Так или иначе, с одной стороны рабочие, с другой – радикалы и анархисты, и даже каталонисты с ними вместе превратили Барселону в пороховую бочку, готовую взорваться.
– Кричи, дочка, – тормошила Эмма свою малышку. – Давай! Повторяй за мной: долой войну!
– Долой войну! – крикнула Хулия, поднимая кулачок, так же как мама.
«Молодчина!» «Здорово!» «Ты – наша!» Хосефа и другие женщины хвалили девочку, да и прочих детей, которые, как Хулия, ходили вместе с матерями на демонстрации. Видя, как жестко губернатор поддерживает порядок, через полицию и жандармерию, выстрелы в воздух и аресты, манифестанты вернулись к давней тактике: женщины и дети впереди рабочих, чтобы смутить дух силовиков. Эмма ощущала подъем, ликовала, политика открытой конфронтации, принятая радикалами, доставляла ей наслаждение. Больше шести тысяч человек собрались перед Народным домом! Но особенно она гордилась своей девочкой и Хосефой: та настояла, что пойдет вместе с ними, когда Эмма решила взять с собой дочку. «Я вас одних не пущу». И не пустила. Они борются вместе! Ее семья рядом с ней. Манифестации длились уже несколько дней, и Эмма, вне себя от восторга, кричала до хрипоты. Вечерами Хулия от усталости валилась с ног, а Хосефа шикала на Эмму, заставляла молчать, хотя той хотелось обсудить события дня, и давала ей пастилки с хлором, бором и кокаином, укрепляющие горло и необходимые, как значилось в проспекте, певцам и ораторам.

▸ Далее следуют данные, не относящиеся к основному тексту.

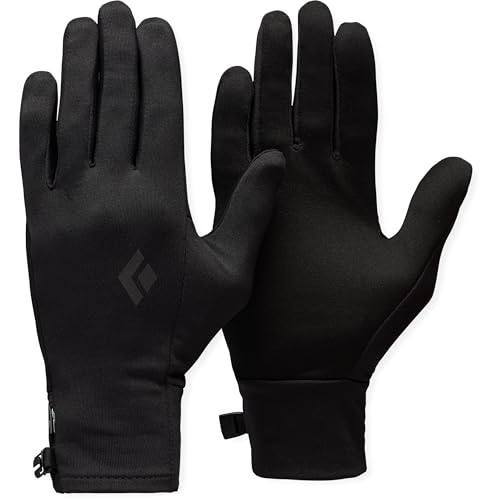 Guantes de forro polar Black Diamond para no enfriar las manos al usar el móvil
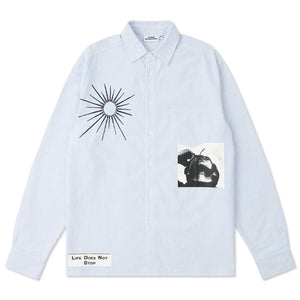 Come Sundown Life Shirt - Blue | Free Aotearoa NZ shipping over $100* when you shop Come Sundown online with Pavement Skate Store!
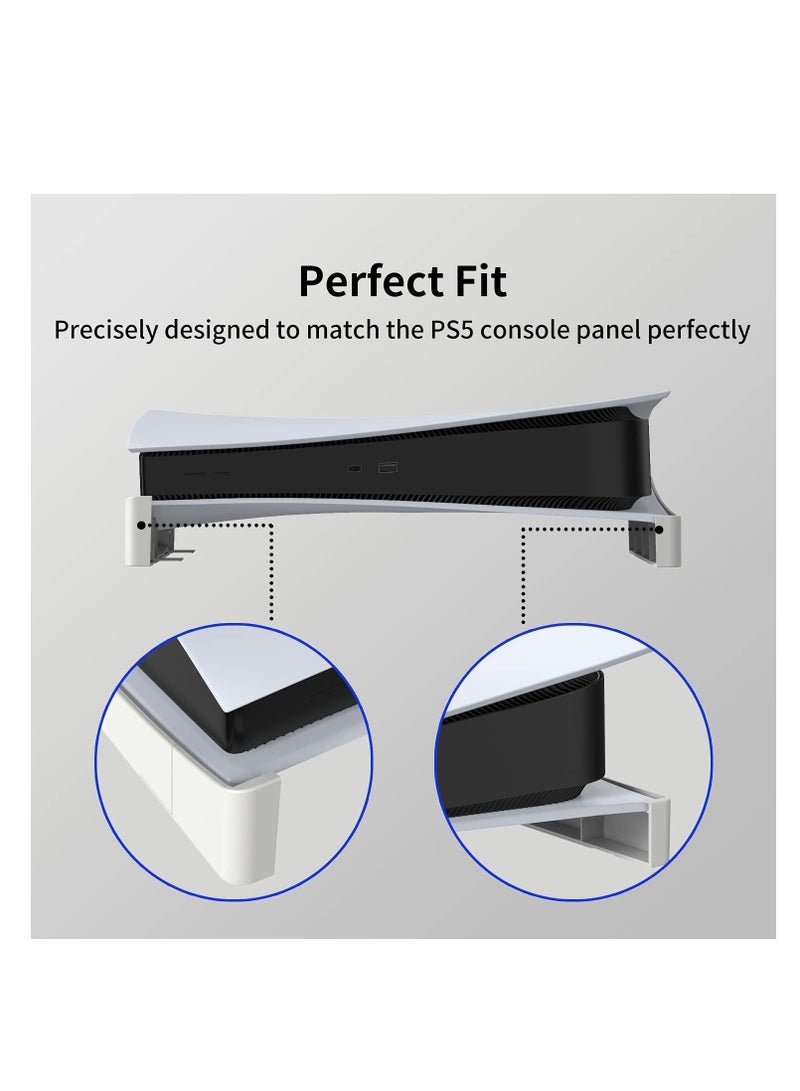 Horizontal Stand for Playstation 5, Desk Stand Compatible with Playstation 5 Disc, Console Lay Down Stand for PS5, Minimalist Design, White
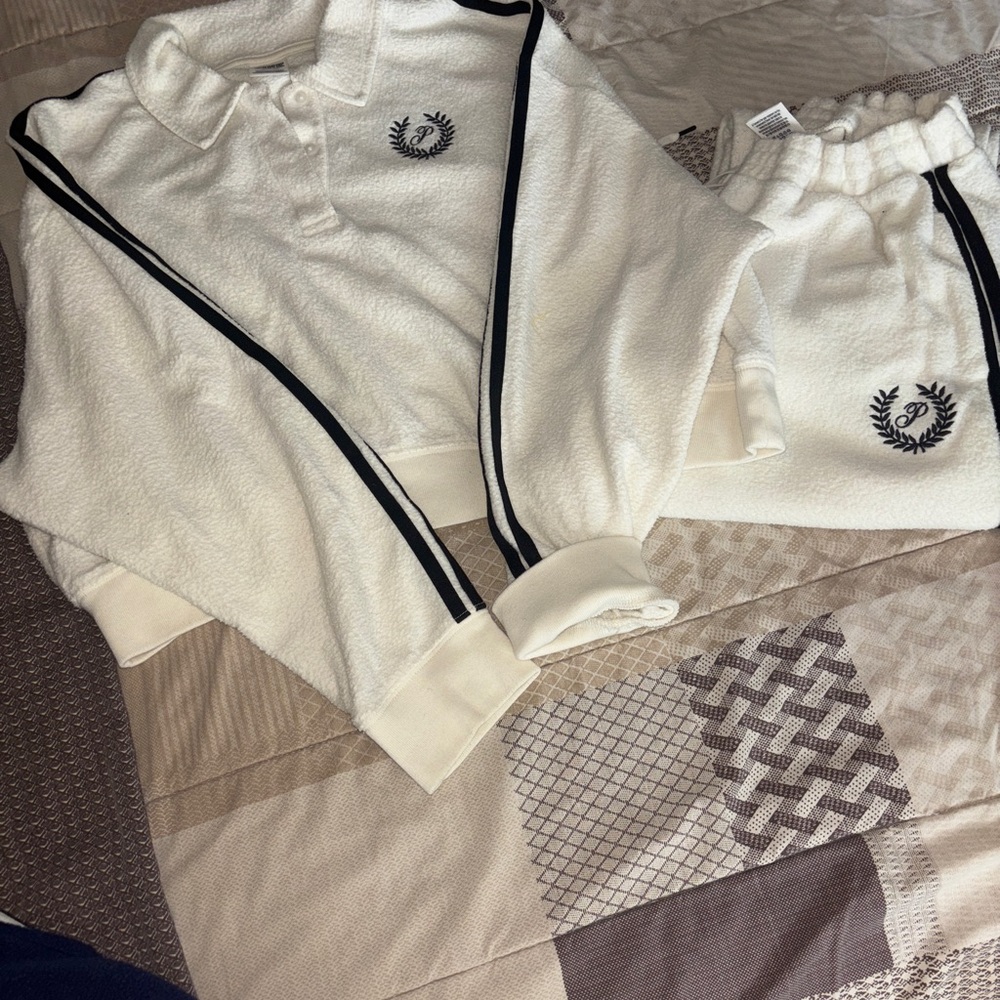 PINK Victoria's Secret White and Black Track Set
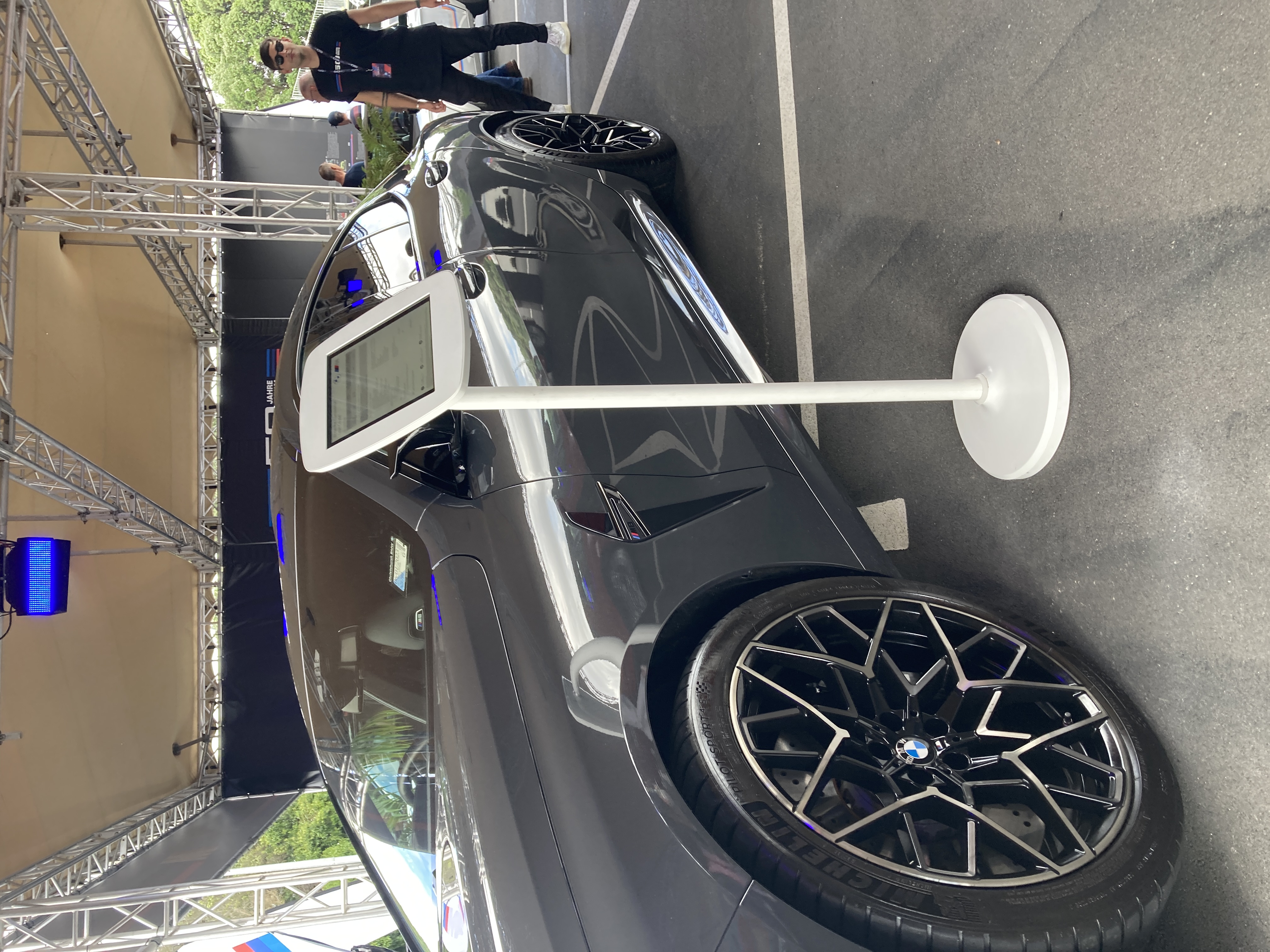 Photo of Floor stand (Bouncepad, White) in action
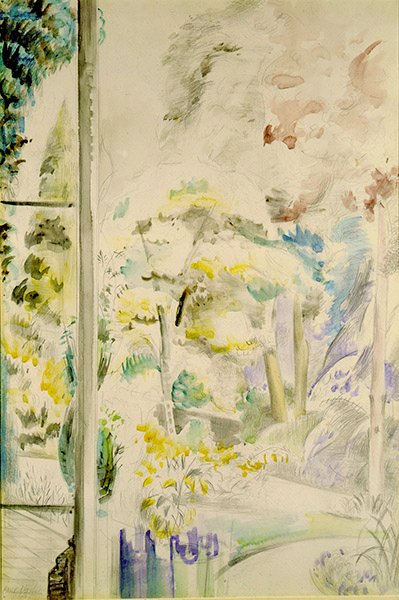 Blick aus einem Fenster von Paul Nash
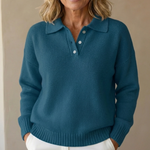 Nadège | Pull en maille à col polo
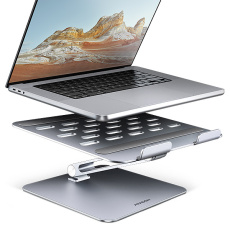 AXAGON STND-LQ, hliníkový HQ stojan pro notebooky 10" - 16", nastavitelná výška a úhel AXAGON STND-LQ, hliníkový HQ stojan pro notebooky 10" - 16", nastavitelná výška a úhel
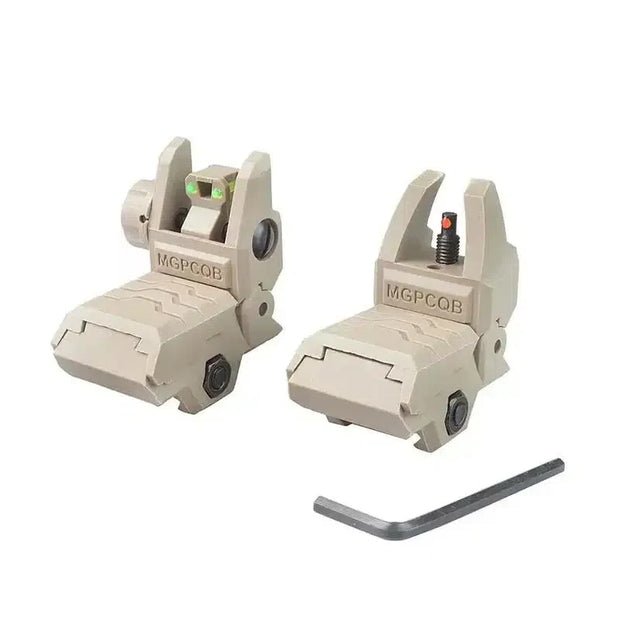 MGP CQB Nylon Front & Rear Flip Up Sights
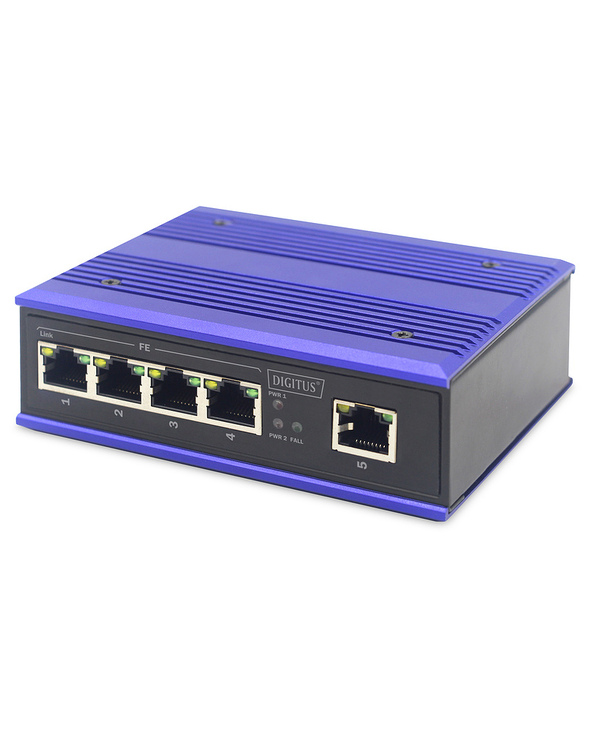 ASSMANN Electronic DN-650105 commutateur réseau Fast Ethernet (10/100) Noir, Bleu
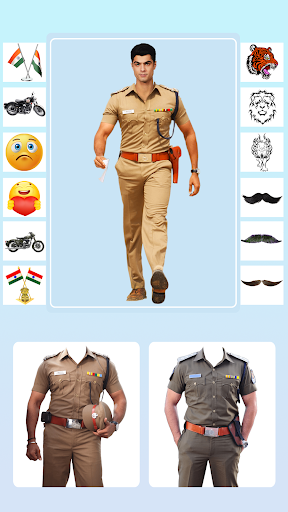 Men Police Suit Lyrical Editor Screen 2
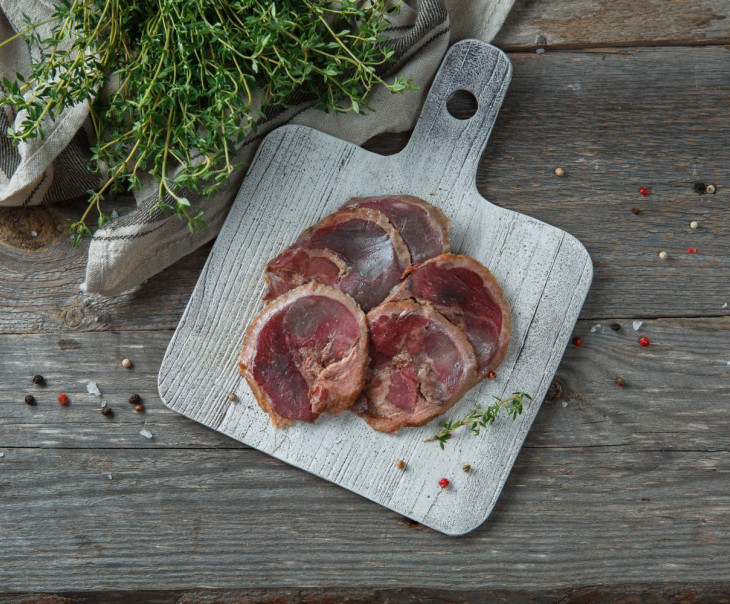 3505 Мини рулет из мяса гуся с чесноком Вкусляндия 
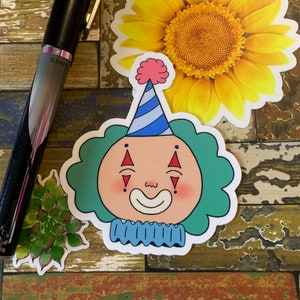 Happy Clown boi sticker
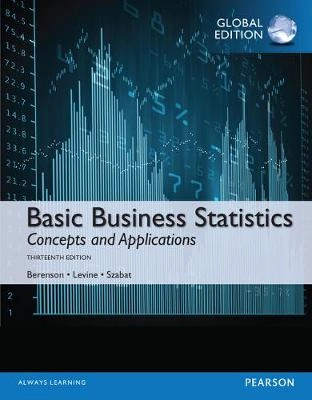 Basic business statistics : concepts and applications; Mark L. Berenson; 2015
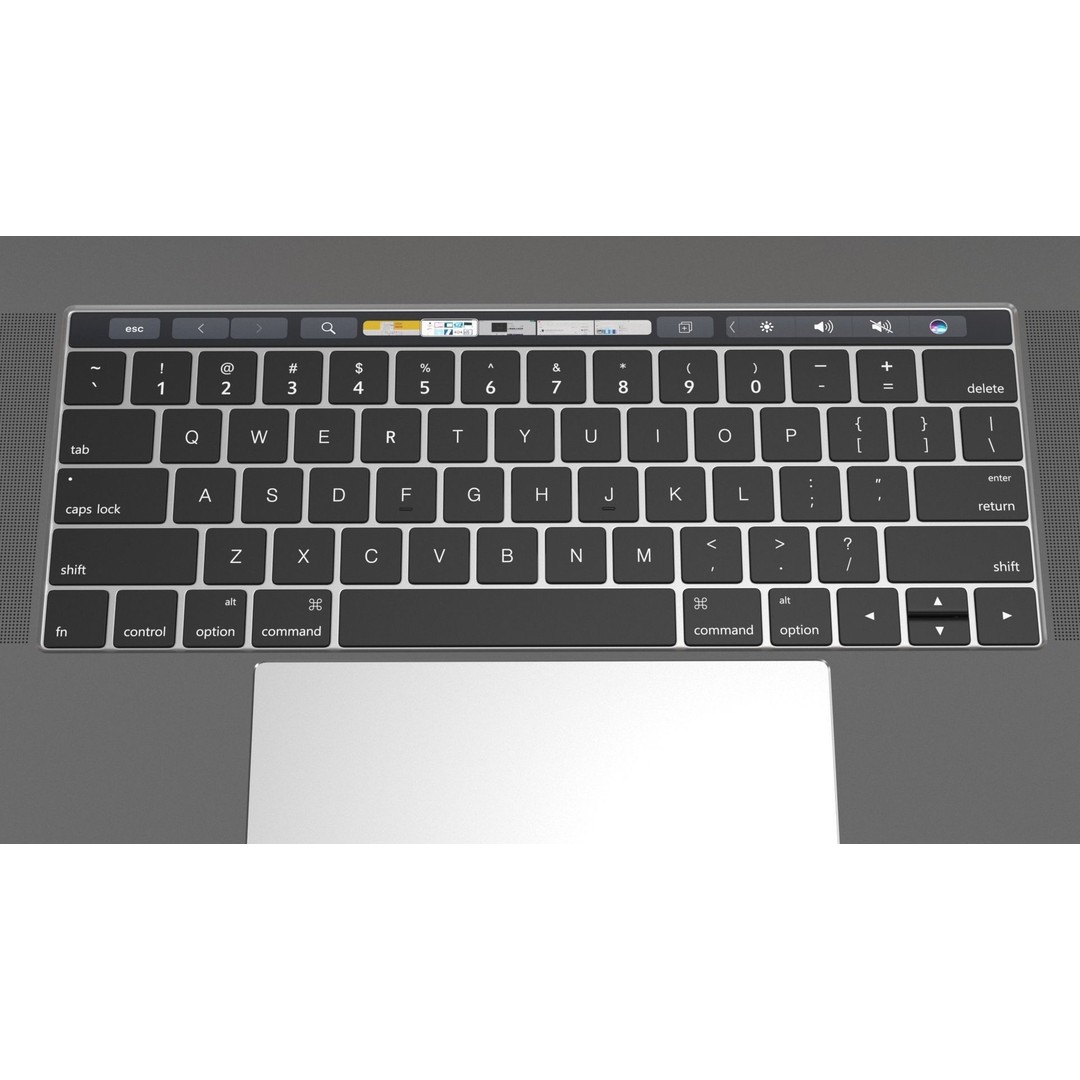 Apple MacBook Pro 15 3D Model – High Poly Element 3D Asset, FBX, OBJ - View 11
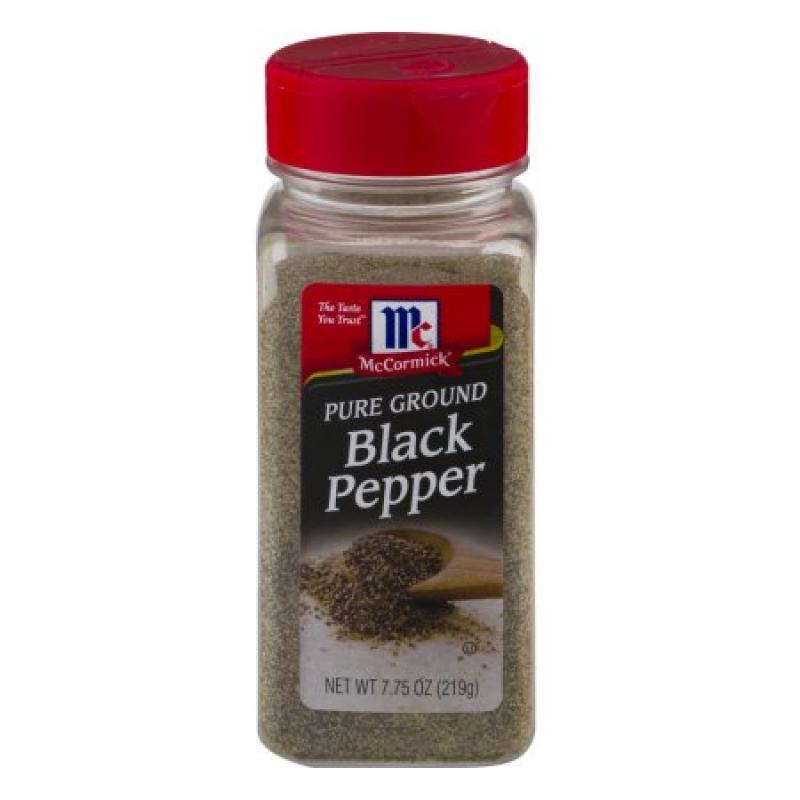 McCormick Pure Ground Black Pepper, 7.75 oz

– Петь-то ты не поешь, – усмехнулась Хосефа, когда в первый раз давала их Эмме, – зато оратор из тебя знатный.
В воскресенье, 18 июля 1909 года они не обедали с Далмау. На этот день была назначена новая отправка войск, состоящих большей частью из каталонцев, и Хосефа послала сыну весточку, сообщая, что они пойдут смотреть, как проходят солдаты. Хосефа тоже будто ожила, когда начались волнения. Напряжение нарастало, оно ощущалось во всем городе, в его жителях, даже в зданиях. Исход начался в час дня, когда не только активисты и манифестанты его дожидались, но и в то самое время, когда рабочие Барселоны, добившиеся права на воскресный отдых, высыпали на улицы хоть немного освежиться, оставив жилища, в которых буквально задыхались, особенно в июльскую жару.
Гражданские и военные власти Барселоны в своей гордыне продолжали относиться к рабочим с презрением и, несмотря на митинги, манифестации и угрозы, вместо того чтобы обойти старый город стороной, пустили солдат прямо по центру, от казарм Бонсуксес в начале Ла-Рамбла до порта. Там шли Эмма с пятилетней дочкой, и Хосефа, и женщины, безутешно рыдающие, провожая мужей, которые несли на плечах, будто мало им было другого груза, своих малолетних детей. Офицеры, видя, что скопившаяся толпа и так нарушает строй, им это разрешили. Встречались старухи, которые воодушевляли солдат, но в большинстве своем женщины плакали. Мужья и отцы шли на войну с маврами, оставляя семьи в нищете, без средств к существованию.